Monday, June 28, 2010

Another Padfolio

I promised pictures of last week's endeavor, so here they are. I find myself amused by my recent fabric choices for these padfolios, considering that the original pattern was designed, not for commercial fabric, but for fabric printed with altered photos or in some other way showing the mark of the artist. Yet, I'm loving the way some of that commercial fabric in my stash works up. In this case, I followed motifs to cut an interesting curve into the flap - my first time deviating from a straight or angled shaping.

And here you can see why - how lucky was I that the flower fell so perfectly centered along the flap?

And when closed, the curve allows another lovely motif to be seen.
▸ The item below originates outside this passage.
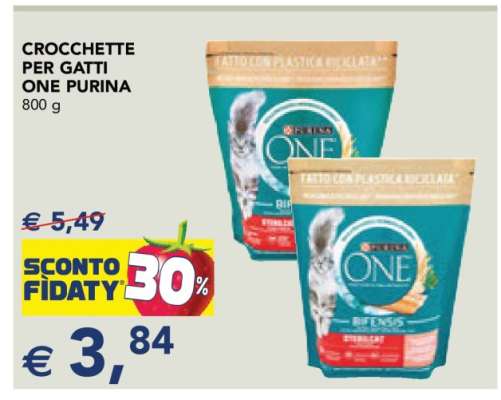 Crocchette per Gatti One Purina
I did minimal stitching on this, just picking out some of the designs with a buttonhole twist silk thread in a most wonderful yellow gold. It has a shine to it that plays nicely with the bit of gilt in the fabric - neither of which really shows in the picture. Edges are satin stitched with Oliver Twist Hand-dyed cotton thread. Velcro dots serve as the closure. Click on any picture for a larger view.

Wednesday, June 23, 2010

It's a Moebius!

With the addition of some fringe, this morning I finished my moebius scarf that is really more of a shawl. It came out a little bigger than I anticipated but overall, I am pleased with this pattern. - next time I'll try one size down. Yes, I see more of these in my future.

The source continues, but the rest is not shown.